— WHAT THE TASK ASKS —
Within the records below, find the line with "Direct From Factory" and the line with "Glasses of different", then reproduce exactly those two lines and all lines between them, without any picture.

━━━ EXTRACTED INFORMATION

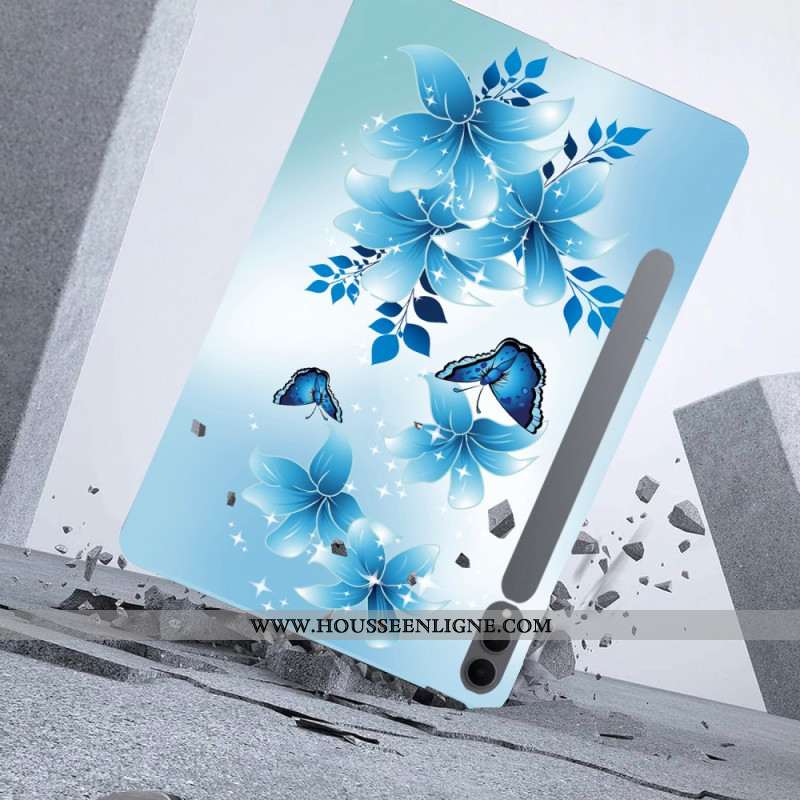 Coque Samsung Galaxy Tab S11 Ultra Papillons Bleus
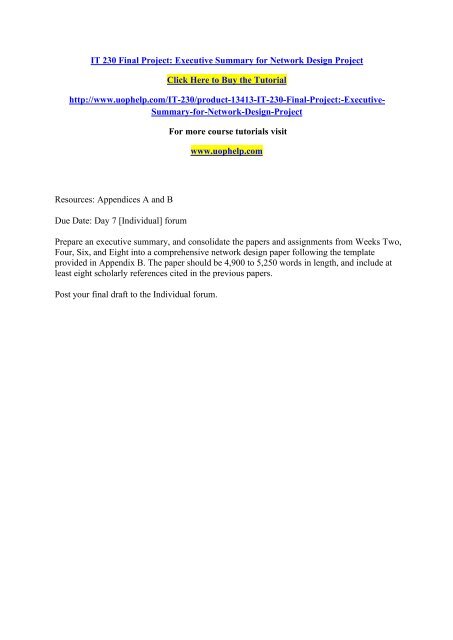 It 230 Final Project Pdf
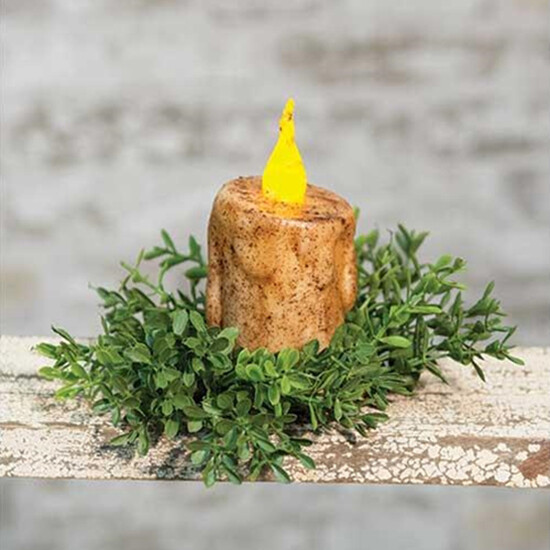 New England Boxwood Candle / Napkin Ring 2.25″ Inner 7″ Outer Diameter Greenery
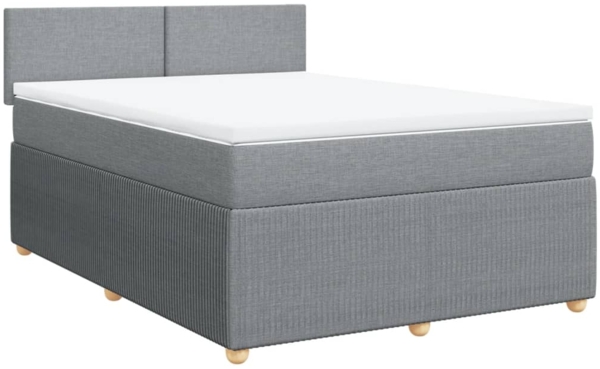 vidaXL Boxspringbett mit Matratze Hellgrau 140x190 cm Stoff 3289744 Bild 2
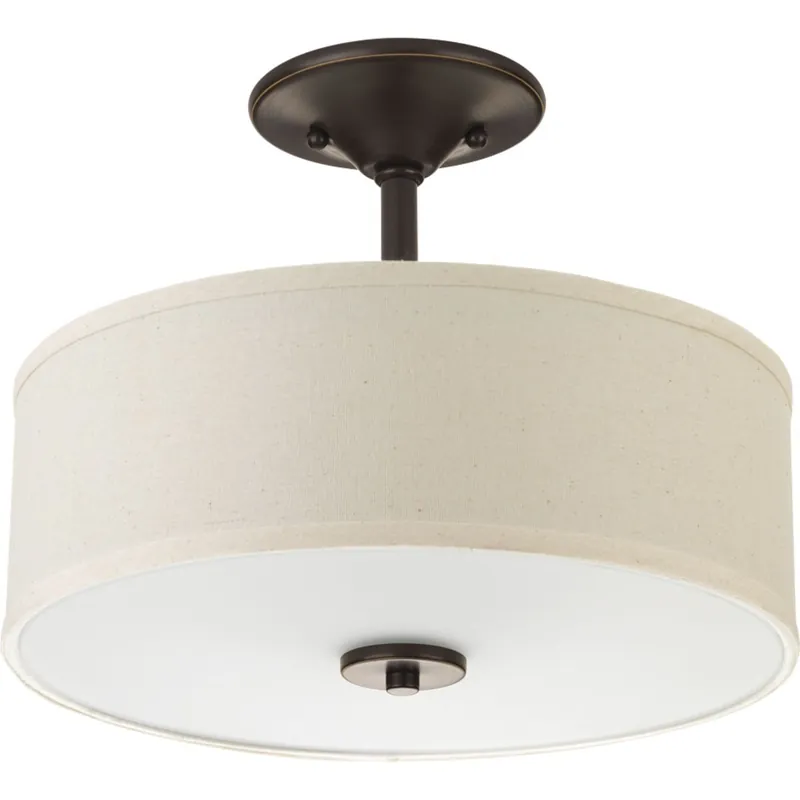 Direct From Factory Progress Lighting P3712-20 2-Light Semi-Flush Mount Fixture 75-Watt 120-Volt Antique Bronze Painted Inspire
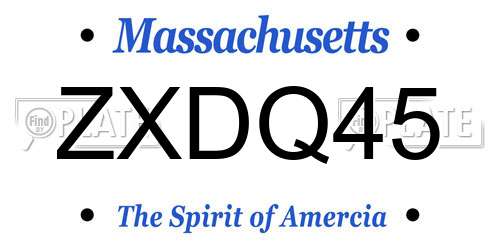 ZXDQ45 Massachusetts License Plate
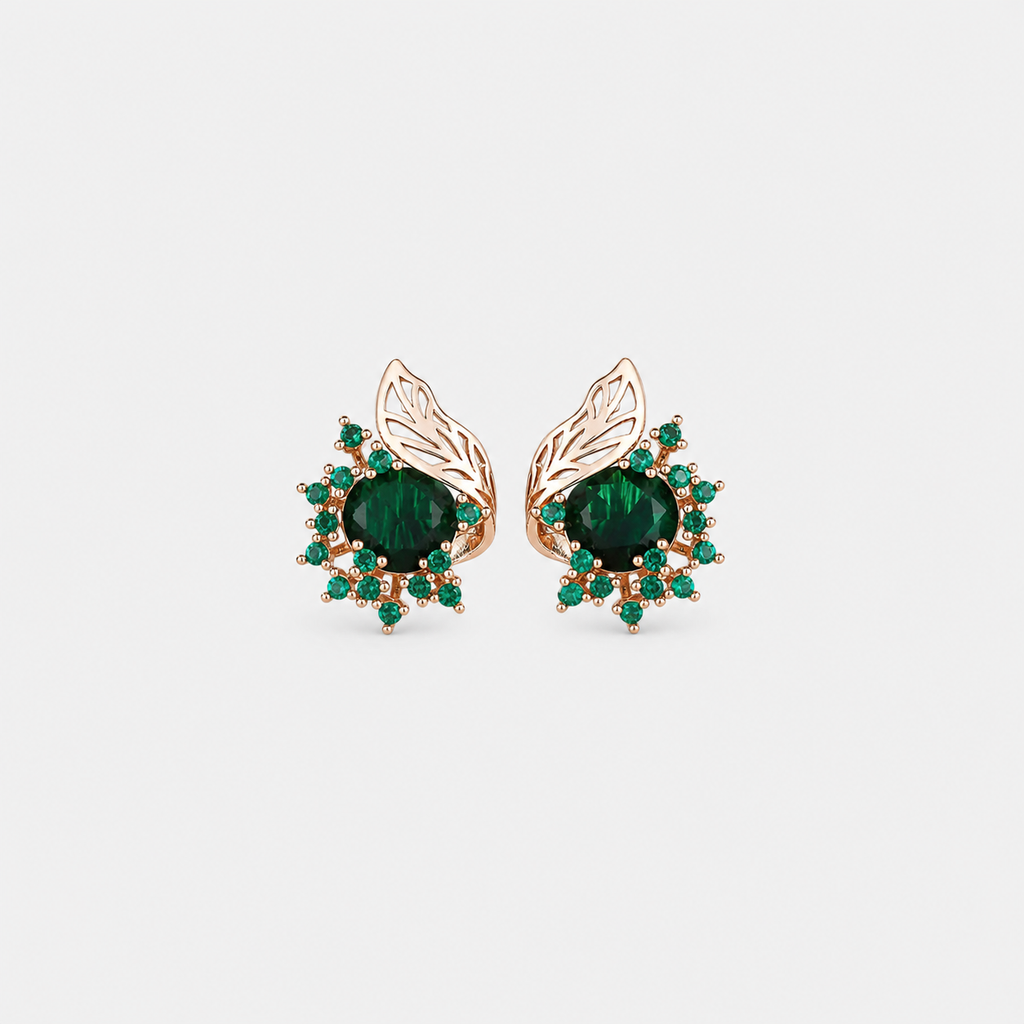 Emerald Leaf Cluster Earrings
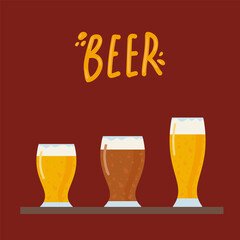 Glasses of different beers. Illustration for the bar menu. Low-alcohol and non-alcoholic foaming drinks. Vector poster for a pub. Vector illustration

━━━━━━
━━━ EXTRACTED INFORMATION

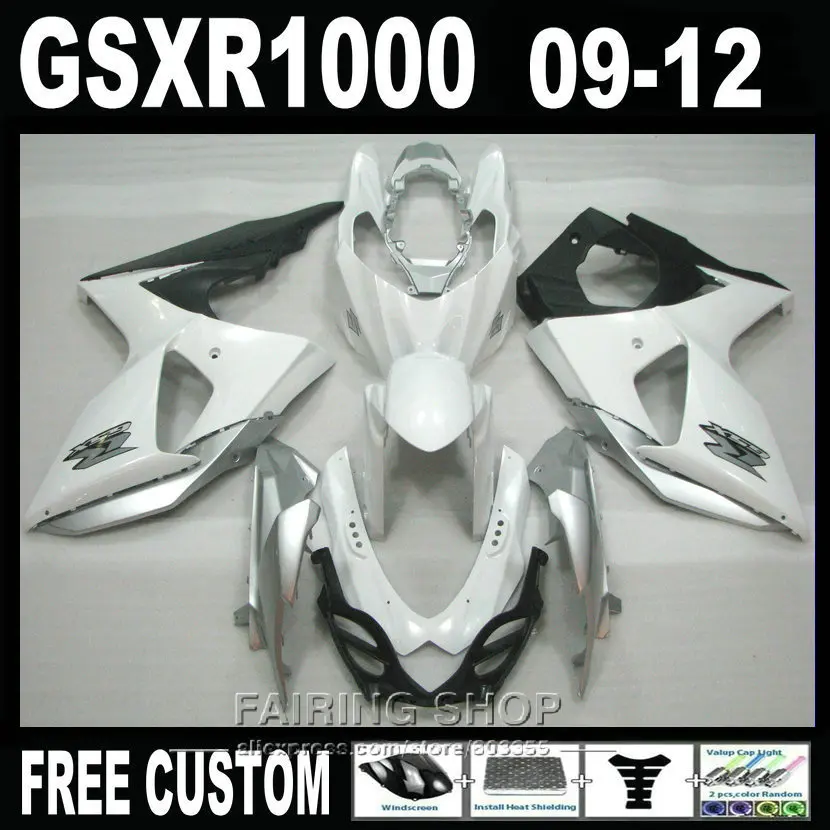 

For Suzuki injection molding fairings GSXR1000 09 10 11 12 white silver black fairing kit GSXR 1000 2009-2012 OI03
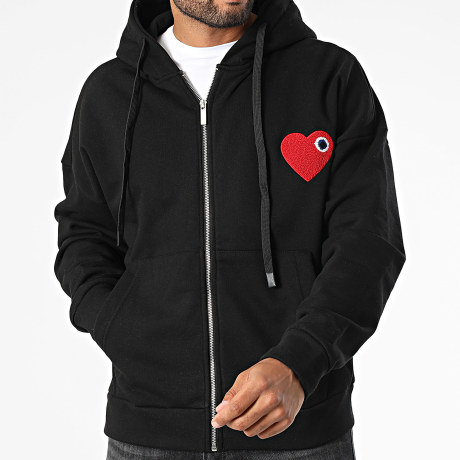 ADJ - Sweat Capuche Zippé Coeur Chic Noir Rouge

━━━━━━

— OUTPUT OF THE EXERCISE —
 Direct From Factory Progress Lighting P3712-20 2-Light Semi-Flush Mount Fixture 75-Watt 120-Volt Antique Bronze Painted Inspire
 ZXDQ45 Massachusetts License Plate
 Emerald Leaf Cluster Earrings
 Glasses of different beers. Illustration for the bar menu. Low-alcohol and non-alcoholic foaming drinks. Vector poster for a pub. Vector illustration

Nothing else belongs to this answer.